United States District Court, Eastern District of California
Jan 18, 2024
1:23-cv-01217-HBK (E.D. Cal. Jan. 18, 2024)

Opinion

1:23-cv-01217-HBK

01-18-2024

GRANT HULET, Plaintiff, v. COUNTY OF TUOLUMNE and TUOLUMNE COUNTY SHERIFFS OFFICE, Defendants.


ORDER GRANTING MOTION FOR SERVICE EXPENSES

This pretrial matter has been referred to the undersigned pursuant to 28 U.S.C. § 636 (b)(1)(A). Local Rule 302(a).

(Doc. No. 9)

HELENA M. BARCH-KUCHTA, UNITED STATES MAGISTRATE JUDGE

Pending before the Court is Plaintiff's Motion for Service Expenses. (Doc. No. 9, “Motion”). Defendants filed an Opposition (Doc. No. 13), and Plaintiff filed a Reply (Doc. No. 16). For the reasons set forth below, the Court grants Plaintiff's Motion.

BACKGROUND

On August 14, 2023, Plaintiff initiated this action by filing a civil rights complaint under 42 U.S.C. § 1983 alleging various constitutional violations by Defendants. (See Doc. No. 1). On August 23, 2023, Plaintiff's counsel sent letter packets by mail to Defendants, containing (1) a Notice of a Lawsuit and Request to Waive Service of a Summons; (2) Waiver of the Service of Summons (two copies with a pre-paid return envelope); (3) a copy of the Complaint; (4) a Civil Cover Sheet; (5) a Summons; and various informational documents. (Doc. No. 9-1 at 2; Doc. No. 13 at 2). Defendants were directed to waive service within 30 days of the date indicated on the Notice form, i.e., by September 22, 2023. (Doc. No. 9-1 at 2.). Defendants did not return the waivers. (Id.).

On October 10, 2023, Plaintiff's counsel arranged for personal service on Defendants. (Doc. No. 9-1 at 2). On October 10 and 12, 2023, Defendants were personally served with process, at a combined cost of $180. (Doc. No. 9-1 at 2; Doc. No. 13 at 2). On November 13, 2023, Defendants filed a Motion to Dismiss. (Doc. No. 8). The same day, Plaintiff filed the instant Motion seeking reimbursement of costs and attorney fees under Federal Rule of Civil Procedure 4(d). (Doc. No. 9 at 3). After receipt of the Motion, Defendants' counsel contacted Plaintiff's counsel offering to pay the $180 service costs but refused to pay the $1,000 in attorney's fees associated with preparing and filing the Motion. (Doc. No. 13 at 2; Doc. No. 16 at 3). Unable to resolve the issue, Defendants filed an Opposition to the Motion and Plaintiff filed a Reply. (Doc. No. 16 at 6).
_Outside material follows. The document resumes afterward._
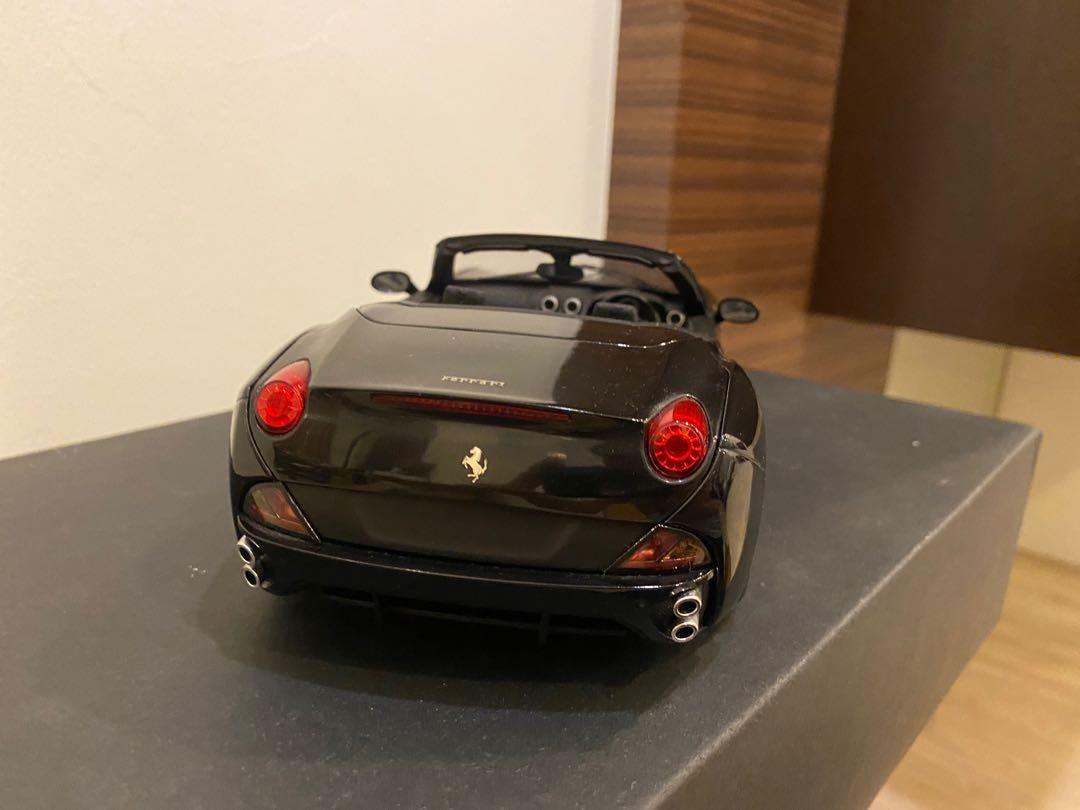 1/18 Hotwheels Elite Ferrari California GEORGE MICHAEL — Limited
APPLICABLE LAW AND ANALYSIS

A. Legal Standard

“An individual, corporation, or association that is subject to service . . . has a duty to avoid unnecessary expenses of serving the summons.” Fed.R.Civ.P. 4(d). The Rule further provides:

If a defendant located within the United States fails, without good cause, to sign and return a waiver requested by a plaintiff located within the United States, the court must impose on the defendant:
(a) The expenses later incurred in making service; and
(b) The reasonable expenses, including attorney's fees, of any motion required to collect those service expenses.

Fed. R. Civ. P. 4(d)(2). See also Rollin v. Cook, 466 Fed.Appx. 665, 667 (9th Cir. 2012) (“Once a plaintiff has sent a valid request for a waiver of service of process, the burden shifts to the defendant to avoid imposing unnecessary costs on the plaintiff . . . Absent a showing of good cause, a defendant who fails to execute a valid waiver ‘must' pay the costs of formal service and any costs, including reasonable attorney's fees, of any motion ‘required' to collect service expenses.” Rule 4's purpose “is ‘to eliminate the costs of service of a summons on many parties and to foster cooperation among adversaries and counsel.'” Estate v. Darulis v. Garate, 401 F.3d 1060, 1063 (9th Cir. 2005) (quoting Fed.R.Civ.P. 4(d) Advisory Committee Note on 1993 Amendments).

B. Discussion

In Opposition to the Motion, Defendants explain that they had “attempted to arrange representation for the lawsuit against them” but had not secured representation before the 30 days to waive service had expired. (Doc. No. 13 at 2). However, Defendant do not contend that this constituted good cause for their failure to return the waivers. Instead, Defendants raise two objections: (1) the Motion was not “required” for recovery of service expenses, and (2) even if required, the $1000 in attorney's fees sought are excessive for a “page and a half motion.” (Doc. No. 13 at 1).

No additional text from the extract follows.